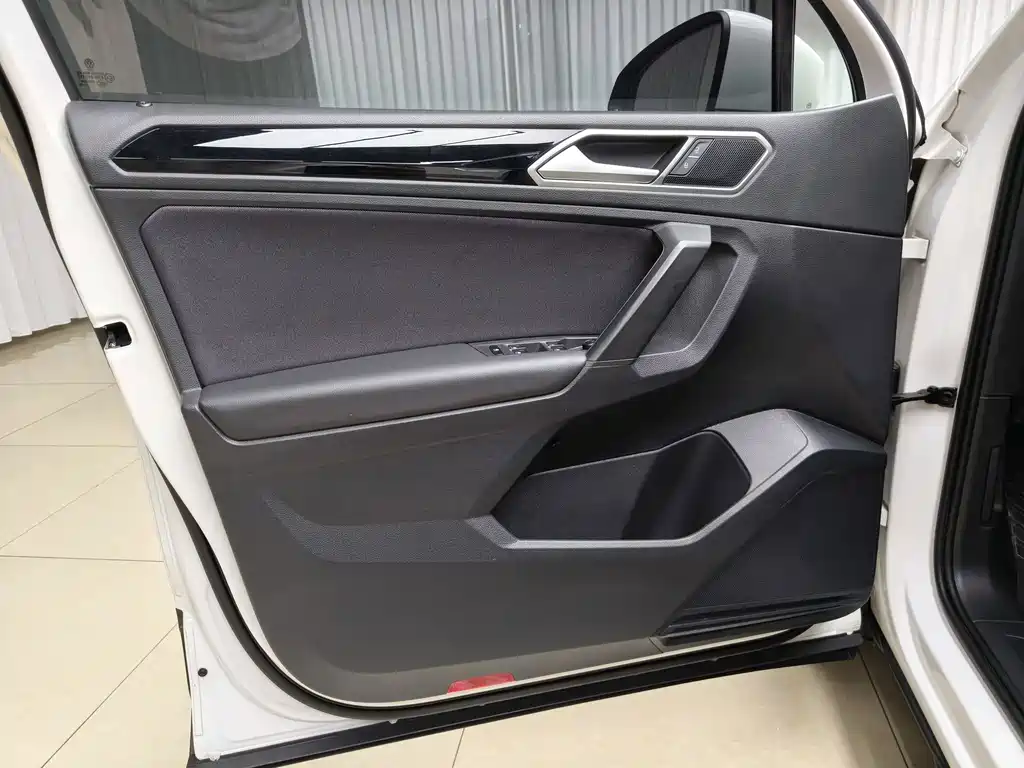 Volkswagen Tiguan L 2022 — фото 17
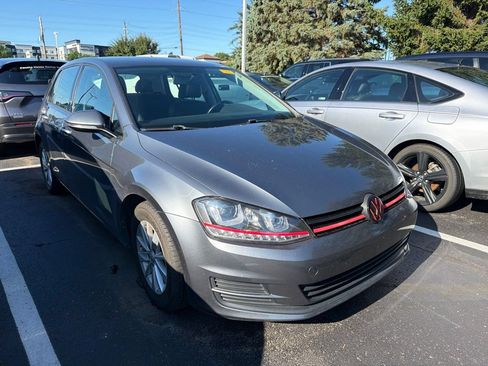 Used 2015 Volkswagen Golf S FWD image 4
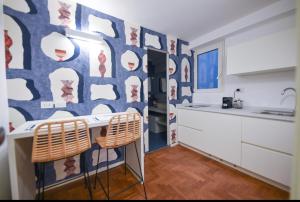 una cucina con una parete blu e bianca di Minerva mini a Bari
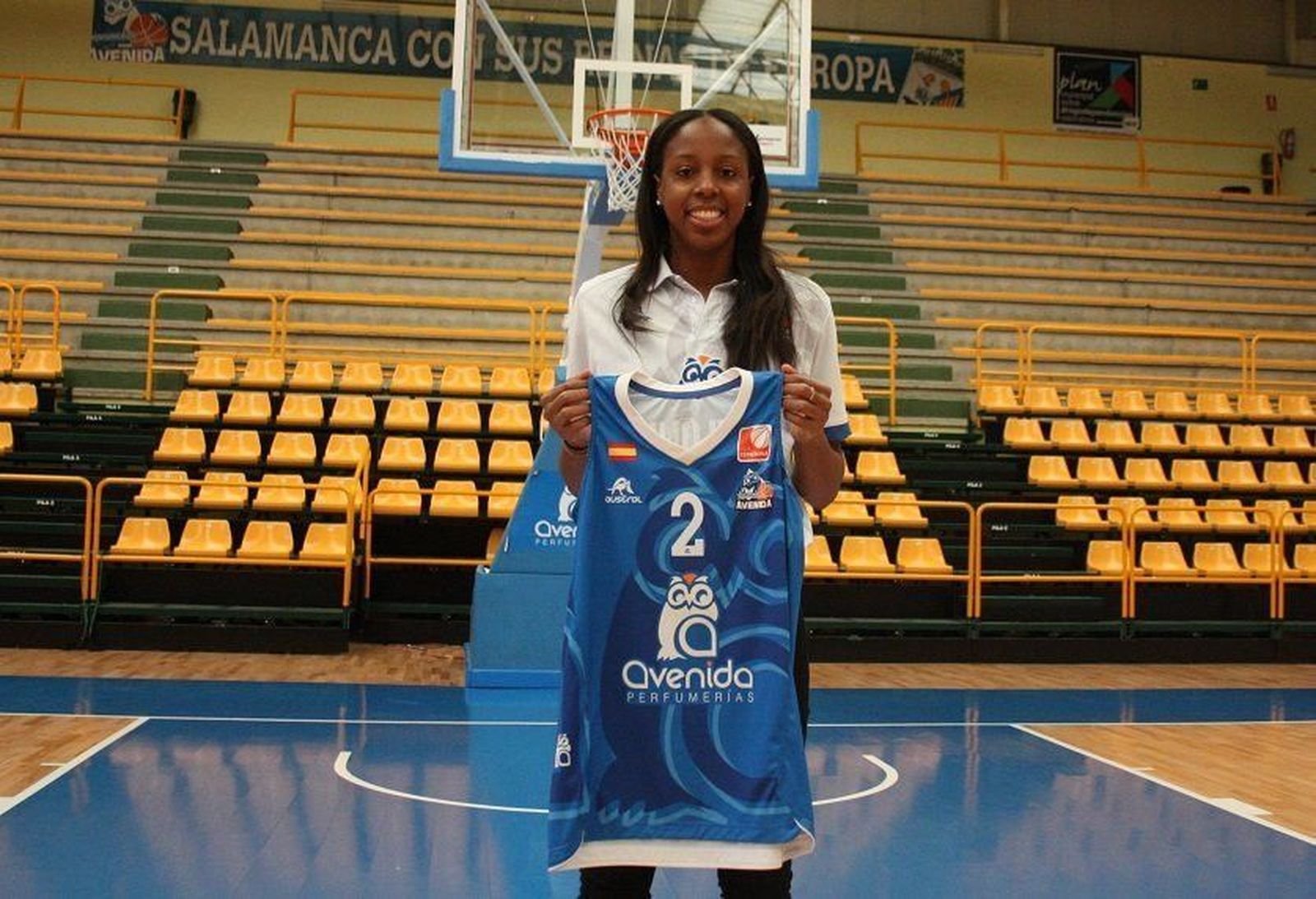 Adaora Elonu regresa al Club Perfumerías Avenida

EXERCISE DETAILS —
What is needed is a verbatim copy of the lines running from the one with "Used 2015 Volkswagen Golf S FWD image 4" through the last line of the listing above, excluding any pictures.

REPLY —
 Used 2015 Volkswagen Golf S FWD image 4
 una cucina con una parete blu e bianca di Minerva mini a Bari
 Adaora Elonu regresa al Club Perfumerías Avenida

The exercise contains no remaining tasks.